New registry data shows 81 percent of patients had 90 percent or higher aneurysm occlusion after 21 months and only 8.3 percent required retreatment after stent-assisted coil embolization with the Codman Enterprise Vascular Reconstruction Device (VRD) and Delivery System. The registry data was published in the August edition of Neurosurgery, the official journal of the Congress of Neurological Surgeons (CNS).
The registry also found that 90 percent of patients had modified Rankin Scale (mRS) scores of two or less at last follow up, meaning the vast majority were independent and had no significant disabilities almost two years after treatment with the device. The mRS score is a measure of the degree of disability or dependence after stroke. The lower the score, the less disability or dependence. The disease/treatment related mortality rate was 0.5 percent, and the all-cause mortality rate was 1.5 percent.
The 229-patient retrospective registry included data from nine high-volume neurointerventional centers in the United States and Puerto Rico. Thirty-two of the patients had ruptured aneurysms. On average, patients were 57 years old at the time of treatment and had a 9.2 millimeter aneurysm.
“These data suggest that physicians are continuing to improve their ability to treat widenecked cerebral aneurysms. There were less patients requiring retreatment than have been previously seen in other studies and higher rates of progressive occlusion over time,” said J. Mocco, MD, Associate Professor of Neurological Surgery, Radiology and Radiological Sciences, Vanderbilt University Medical Center and a co-author of the paper in Neurosurgery.

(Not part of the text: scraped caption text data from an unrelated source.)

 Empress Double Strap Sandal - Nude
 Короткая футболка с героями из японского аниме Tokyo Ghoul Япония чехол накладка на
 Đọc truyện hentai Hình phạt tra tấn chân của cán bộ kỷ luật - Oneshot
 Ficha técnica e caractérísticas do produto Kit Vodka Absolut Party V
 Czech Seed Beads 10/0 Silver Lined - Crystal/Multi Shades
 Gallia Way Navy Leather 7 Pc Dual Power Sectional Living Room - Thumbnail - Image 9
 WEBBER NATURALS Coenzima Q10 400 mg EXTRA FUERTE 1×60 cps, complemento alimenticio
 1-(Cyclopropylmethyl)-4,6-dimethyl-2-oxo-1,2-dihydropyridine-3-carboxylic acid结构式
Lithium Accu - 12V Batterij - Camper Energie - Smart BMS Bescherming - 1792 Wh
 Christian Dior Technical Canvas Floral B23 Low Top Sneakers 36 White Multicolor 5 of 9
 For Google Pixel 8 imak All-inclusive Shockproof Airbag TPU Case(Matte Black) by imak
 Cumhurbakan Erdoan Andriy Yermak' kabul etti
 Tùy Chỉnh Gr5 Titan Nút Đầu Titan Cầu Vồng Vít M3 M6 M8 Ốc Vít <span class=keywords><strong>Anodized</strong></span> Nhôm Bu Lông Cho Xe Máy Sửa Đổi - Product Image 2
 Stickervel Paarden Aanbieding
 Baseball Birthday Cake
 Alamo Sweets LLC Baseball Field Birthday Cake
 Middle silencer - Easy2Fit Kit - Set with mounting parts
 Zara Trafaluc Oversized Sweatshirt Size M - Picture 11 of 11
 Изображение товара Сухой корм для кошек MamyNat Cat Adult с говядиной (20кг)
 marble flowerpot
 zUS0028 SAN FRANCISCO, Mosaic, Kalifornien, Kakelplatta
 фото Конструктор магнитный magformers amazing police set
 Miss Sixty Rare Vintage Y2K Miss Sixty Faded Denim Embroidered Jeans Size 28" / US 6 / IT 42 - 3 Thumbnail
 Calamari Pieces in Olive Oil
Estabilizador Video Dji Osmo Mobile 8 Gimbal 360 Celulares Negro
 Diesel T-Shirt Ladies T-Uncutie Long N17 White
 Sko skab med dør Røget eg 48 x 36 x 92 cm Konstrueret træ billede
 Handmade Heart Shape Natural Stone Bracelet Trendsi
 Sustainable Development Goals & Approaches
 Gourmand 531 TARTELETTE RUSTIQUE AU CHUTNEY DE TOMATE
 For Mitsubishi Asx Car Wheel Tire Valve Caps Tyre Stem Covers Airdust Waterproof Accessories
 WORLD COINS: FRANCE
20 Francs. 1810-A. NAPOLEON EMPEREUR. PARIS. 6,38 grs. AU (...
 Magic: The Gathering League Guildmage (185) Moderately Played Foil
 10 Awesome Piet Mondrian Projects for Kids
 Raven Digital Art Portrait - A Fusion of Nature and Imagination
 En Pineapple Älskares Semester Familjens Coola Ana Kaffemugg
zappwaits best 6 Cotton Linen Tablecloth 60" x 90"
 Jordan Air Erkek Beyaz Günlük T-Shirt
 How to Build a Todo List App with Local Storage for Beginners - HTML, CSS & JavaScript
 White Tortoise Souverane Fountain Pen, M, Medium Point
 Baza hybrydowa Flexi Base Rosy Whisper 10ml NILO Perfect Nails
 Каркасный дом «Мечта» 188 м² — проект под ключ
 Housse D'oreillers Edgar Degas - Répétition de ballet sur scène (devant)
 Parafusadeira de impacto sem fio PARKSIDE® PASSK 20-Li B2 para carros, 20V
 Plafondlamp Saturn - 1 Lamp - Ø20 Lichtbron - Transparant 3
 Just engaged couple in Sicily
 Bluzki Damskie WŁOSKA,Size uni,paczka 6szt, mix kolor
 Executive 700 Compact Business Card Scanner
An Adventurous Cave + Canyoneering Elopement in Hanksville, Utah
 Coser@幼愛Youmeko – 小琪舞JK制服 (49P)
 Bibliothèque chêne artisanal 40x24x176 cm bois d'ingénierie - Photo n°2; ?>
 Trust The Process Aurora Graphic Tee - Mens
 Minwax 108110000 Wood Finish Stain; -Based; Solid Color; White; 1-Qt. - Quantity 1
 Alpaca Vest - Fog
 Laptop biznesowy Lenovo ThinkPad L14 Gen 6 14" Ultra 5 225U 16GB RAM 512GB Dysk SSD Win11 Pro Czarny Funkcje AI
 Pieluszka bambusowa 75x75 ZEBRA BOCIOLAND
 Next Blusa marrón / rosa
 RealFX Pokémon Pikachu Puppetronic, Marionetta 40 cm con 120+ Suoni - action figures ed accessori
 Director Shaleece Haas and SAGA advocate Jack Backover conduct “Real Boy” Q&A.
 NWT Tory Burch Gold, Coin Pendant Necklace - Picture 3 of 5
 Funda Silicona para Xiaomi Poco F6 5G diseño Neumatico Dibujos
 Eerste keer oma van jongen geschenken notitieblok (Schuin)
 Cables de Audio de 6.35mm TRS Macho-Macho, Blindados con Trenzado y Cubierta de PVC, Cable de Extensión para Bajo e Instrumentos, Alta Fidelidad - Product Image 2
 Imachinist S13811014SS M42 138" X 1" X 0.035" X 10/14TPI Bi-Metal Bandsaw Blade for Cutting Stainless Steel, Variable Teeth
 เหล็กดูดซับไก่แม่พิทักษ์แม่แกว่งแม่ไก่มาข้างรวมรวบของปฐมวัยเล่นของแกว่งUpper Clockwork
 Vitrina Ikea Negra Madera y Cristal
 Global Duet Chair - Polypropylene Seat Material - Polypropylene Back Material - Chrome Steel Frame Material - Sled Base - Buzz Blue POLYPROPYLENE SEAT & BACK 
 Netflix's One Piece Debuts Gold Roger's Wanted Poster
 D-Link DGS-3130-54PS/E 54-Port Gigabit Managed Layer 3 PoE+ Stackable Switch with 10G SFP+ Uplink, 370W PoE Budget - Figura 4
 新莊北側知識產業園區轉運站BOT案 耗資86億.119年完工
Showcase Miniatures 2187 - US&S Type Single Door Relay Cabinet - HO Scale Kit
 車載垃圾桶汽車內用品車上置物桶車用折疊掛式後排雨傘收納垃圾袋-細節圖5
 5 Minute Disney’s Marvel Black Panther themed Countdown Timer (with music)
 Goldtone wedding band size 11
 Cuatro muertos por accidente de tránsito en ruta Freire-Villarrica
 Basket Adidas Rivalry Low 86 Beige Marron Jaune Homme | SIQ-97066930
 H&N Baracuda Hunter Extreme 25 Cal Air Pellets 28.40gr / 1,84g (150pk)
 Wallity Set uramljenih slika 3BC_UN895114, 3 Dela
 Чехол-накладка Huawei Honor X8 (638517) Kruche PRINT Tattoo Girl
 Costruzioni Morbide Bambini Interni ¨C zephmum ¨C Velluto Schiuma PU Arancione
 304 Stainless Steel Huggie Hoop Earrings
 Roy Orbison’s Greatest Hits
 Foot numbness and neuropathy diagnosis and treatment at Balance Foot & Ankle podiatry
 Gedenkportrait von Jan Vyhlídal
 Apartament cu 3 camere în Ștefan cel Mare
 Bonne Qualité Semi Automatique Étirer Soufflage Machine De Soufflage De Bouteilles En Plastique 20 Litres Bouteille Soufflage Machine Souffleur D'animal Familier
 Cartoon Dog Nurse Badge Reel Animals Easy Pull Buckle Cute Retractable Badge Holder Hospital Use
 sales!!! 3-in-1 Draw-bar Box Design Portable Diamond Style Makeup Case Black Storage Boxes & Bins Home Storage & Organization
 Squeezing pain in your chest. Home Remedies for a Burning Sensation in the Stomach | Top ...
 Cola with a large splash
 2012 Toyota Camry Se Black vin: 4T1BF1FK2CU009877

“This registry data provides clinicians with important information about what can be a difficult to treat condition,” said P. Laxmin Laxminarain, Worldwide President of Codman & Shurtleff, Inc. “We are pleased that this registry data is consistent with previous short and mid-term studies on the device.”
Codman, a neurosurgery, neurovascular and neuromodulation company, received Humanitarian Device Exemption (HDE) approval for the Codman Enterprise VRD, a self-expanding stent and delivery system, from the U.S. Food and Drug Administration (FDA) in 2007 and CE Mark approval in 2006. HDE approval is granted for Humanitarian Use Devices (HUD) that are intended to benefit patients by treating or diagnosing a disease or condition that affects or is manifested in less than 4,000 individuals in the United States per year and for which no comparable device is available. HDE approval is based on safety and probable benefit; HDEs are exempt from the requirement to provide a reasonable assurance of effectiveness.
Neurointerventional centers participating in the registry include: University at Buffalo, University of Florida, University of Cincinnati, West Virginia University, University of Puerto Rico, Albany Medical Center Hospital, Capital Health System, University of Texas Southwestern and Mayo Clinic.